En cas de doute ou de traitement médical en cours, consultez votre médecin avant de démarrer une cure. Ce conseil vaut d’ailleurs pour toutes les plantes, pas seulement le ginseng.

FAQ : vos questions sur le thé au ginseng

Quelle est la différence entre une infusion et une décoction de ginseng ?

Une infusion, c’est quand on verse de l’eau chaude sur une plante hors feu et on laisse tremper (comme pour un thé en sachet). Une décoction, c’est quand on fait bouillir la plante directement dans l’eau pendant plusieurs minutes. Pour la racine de ginseng séchée, partie dure et ligneuse, la décoction est vraiment indispensable, une simple infusion n’extrait pas suffisamment les ginsénosides. Le temps de cuisson (10 à 15 min à petit bouillon) permet de libérer ces composés dans l’eau.

Peut-on boire du thé au ginseng tous les jours ?

Oui, mais dans le cadre d’une cure définie. 1 à 2 tasses par jour pendant 4 à 12 semaines, puis une pause. L’usage quotidien et indéfini sans pause n’est généralement pas recommandé, pas parce que le ginseng crée une dépendance, mais parce qu’une pause permet de maintenir la sensibilité de l’organisme à la plante.

Le thé au ginseng est-il efficace ?

Le ginseng (Panax ginseng) est l’une des plantes médicinales les plus étudiées au monde. Ses effets adaptogènes, avec amélioration de la résistance au stress physique et psychique (voir notre article sur le ginseng et le stress), soutien de la concentration, action sur la fatigue, sont documentés dans de nombreuses études cliniques. La Commission E reconnaît officiellement son usage en cas de fatigue et d’asthénie. Cela dit, les effets varient selon les individus et ne sont pas immédiats.

Le thé au ginseng fait-il maigrir ?

Pas directement.

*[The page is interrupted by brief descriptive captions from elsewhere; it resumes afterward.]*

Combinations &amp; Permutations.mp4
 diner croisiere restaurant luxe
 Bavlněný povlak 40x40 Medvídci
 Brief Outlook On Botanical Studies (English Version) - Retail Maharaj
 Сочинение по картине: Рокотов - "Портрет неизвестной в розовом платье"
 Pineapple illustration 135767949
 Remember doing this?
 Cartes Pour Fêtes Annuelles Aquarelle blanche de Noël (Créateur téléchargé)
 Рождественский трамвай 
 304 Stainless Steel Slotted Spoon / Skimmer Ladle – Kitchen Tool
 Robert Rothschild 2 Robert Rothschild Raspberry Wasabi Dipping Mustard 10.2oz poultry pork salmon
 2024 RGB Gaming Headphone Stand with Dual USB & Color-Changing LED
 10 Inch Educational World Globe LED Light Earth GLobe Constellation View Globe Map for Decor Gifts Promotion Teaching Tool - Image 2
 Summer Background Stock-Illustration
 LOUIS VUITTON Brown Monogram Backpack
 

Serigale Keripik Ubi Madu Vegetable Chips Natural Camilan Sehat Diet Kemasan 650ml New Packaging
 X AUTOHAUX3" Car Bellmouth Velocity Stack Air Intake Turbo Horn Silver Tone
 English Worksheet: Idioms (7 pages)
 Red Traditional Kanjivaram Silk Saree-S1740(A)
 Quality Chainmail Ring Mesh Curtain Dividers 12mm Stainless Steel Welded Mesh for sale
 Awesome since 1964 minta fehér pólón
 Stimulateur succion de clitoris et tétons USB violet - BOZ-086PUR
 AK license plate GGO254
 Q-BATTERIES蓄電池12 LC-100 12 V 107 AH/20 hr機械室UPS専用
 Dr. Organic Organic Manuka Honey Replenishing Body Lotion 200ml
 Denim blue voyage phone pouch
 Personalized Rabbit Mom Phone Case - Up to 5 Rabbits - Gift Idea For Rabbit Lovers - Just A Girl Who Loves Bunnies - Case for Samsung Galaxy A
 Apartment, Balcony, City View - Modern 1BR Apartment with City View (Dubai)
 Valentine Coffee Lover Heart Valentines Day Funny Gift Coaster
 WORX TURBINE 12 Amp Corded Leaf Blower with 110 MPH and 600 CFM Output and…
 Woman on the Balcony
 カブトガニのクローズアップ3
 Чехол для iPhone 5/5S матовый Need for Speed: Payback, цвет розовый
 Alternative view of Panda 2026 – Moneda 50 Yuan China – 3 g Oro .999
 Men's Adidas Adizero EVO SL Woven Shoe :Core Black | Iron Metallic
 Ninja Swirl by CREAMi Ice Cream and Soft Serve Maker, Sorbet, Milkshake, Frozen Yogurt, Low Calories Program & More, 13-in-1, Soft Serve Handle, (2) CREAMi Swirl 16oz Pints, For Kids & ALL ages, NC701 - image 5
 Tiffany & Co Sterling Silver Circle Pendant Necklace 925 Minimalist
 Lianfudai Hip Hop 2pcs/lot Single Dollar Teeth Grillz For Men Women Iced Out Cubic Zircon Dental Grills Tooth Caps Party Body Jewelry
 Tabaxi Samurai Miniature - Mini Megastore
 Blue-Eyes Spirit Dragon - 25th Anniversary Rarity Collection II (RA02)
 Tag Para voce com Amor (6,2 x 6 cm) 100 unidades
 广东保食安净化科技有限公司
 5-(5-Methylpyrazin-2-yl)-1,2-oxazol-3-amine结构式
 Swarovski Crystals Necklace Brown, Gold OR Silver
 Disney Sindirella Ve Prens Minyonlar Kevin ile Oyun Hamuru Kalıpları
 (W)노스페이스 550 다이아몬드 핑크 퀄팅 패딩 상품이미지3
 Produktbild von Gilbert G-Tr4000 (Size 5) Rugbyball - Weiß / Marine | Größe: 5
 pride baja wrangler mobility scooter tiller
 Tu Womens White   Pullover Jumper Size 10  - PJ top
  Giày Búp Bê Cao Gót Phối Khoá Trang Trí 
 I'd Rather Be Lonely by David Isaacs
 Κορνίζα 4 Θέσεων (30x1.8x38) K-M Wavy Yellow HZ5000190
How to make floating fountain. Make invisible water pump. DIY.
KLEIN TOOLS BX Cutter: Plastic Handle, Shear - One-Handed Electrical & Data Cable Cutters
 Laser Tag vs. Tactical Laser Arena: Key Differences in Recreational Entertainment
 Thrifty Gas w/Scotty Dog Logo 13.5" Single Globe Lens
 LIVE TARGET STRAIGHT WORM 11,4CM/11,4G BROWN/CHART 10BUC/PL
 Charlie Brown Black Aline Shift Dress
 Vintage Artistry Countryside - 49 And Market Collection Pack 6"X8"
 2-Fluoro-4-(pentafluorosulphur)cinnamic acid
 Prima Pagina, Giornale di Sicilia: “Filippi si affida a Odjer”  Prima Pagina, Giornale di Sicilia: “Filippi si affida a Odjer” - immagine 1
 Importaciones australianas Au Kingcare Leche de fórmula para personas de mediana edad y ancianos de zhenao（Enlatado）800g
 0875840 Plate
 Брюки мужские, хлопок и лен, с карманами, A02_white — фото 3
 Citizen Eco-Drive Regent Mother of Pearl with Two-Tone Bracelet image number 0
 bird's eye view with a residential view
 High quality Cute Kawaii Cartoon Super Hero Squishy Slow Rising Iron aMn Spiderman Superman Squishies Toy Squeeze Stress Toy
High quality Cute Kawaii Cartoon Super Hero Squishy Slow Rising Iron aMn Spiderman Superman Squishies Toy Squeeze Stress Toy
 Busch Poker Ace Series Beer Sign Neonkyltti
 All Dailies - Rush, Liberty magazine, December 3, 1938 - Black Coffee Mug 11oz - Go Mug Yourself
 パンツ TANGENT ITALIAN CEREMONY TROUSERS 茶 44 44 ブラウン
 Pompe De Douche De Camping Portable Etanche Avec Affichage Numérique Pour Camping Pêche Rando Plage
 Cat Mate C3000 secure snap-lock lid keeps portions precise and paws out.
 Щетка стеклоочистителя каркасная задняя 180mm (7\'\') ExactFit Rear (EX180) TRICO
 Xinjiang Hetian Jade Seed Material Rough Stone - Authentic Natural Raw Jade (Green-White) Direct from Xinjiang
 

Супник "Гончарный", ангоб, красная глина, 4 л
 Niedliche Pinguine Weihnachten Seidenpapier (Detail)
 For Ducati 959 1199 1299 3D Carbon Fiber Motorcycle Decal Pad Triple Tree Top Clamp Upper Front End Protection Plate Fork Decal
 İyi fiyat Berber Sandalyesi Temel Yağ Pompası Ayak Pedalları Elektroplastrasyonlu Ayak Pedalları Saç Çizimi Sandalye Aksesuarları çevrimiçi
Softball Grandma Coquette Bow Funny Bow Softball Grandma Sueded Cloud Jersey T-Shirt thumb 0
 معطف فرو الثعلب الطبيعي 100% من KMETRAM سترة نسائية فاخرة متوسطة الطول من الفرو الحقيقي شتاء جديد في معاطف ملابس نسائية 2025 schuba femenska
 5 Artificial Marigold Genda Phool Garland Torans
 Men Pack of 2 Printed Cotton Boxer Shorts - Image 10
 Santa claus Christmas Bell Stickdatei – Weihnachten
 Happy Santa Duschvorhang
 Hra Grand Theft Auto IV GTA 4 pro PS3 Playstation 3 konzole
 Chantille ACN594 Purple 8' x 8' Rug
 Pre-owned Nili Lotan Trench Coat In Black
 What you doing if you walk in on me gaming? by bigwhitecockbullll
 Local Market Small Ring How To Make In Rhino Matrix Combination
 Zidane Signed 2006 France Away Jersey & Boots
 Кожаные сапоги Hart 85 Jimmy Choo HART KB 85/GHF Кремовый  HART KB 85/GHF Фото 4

Le ginseng a des effets sur le métabolisme énergétique et la glycémie, qui peuvent indirectement influencer l’appétit et la gestion du poids, mais ce n’est pas une plante amincissante au sens propre. L’associer à une alimentation équilibrée et à une activité physique régulière est plus cohérent que de lui attribuer directement des vertus minceurs isolées.

Combien de temps dure une cure de thé au ginseng ?

En pratique, entre 3 semaines et 3 mois. La Commission E recommande 3 mois maximum, suivis d’une pause. Les premiers effets perceptibles arrivent généralement après 10 à 15 jours de consommation régulière. En dessous, c’est difficile d’évaluer quoi que ce soit.

Peut-on utiliser la même racine plusieurs fois ?

Oui. Le ginseng supporte bien 2 à 3 décoctions successives avec la même racine, surtout si vous n’avez pas dépassé 15 min la première fois. La deuxième infusion sera moins concentrée et plus douce en goût, certains la préfèrent ainsi. Au-delà de 3 passages, les tranches n’ont vraiment plus d’intérêt.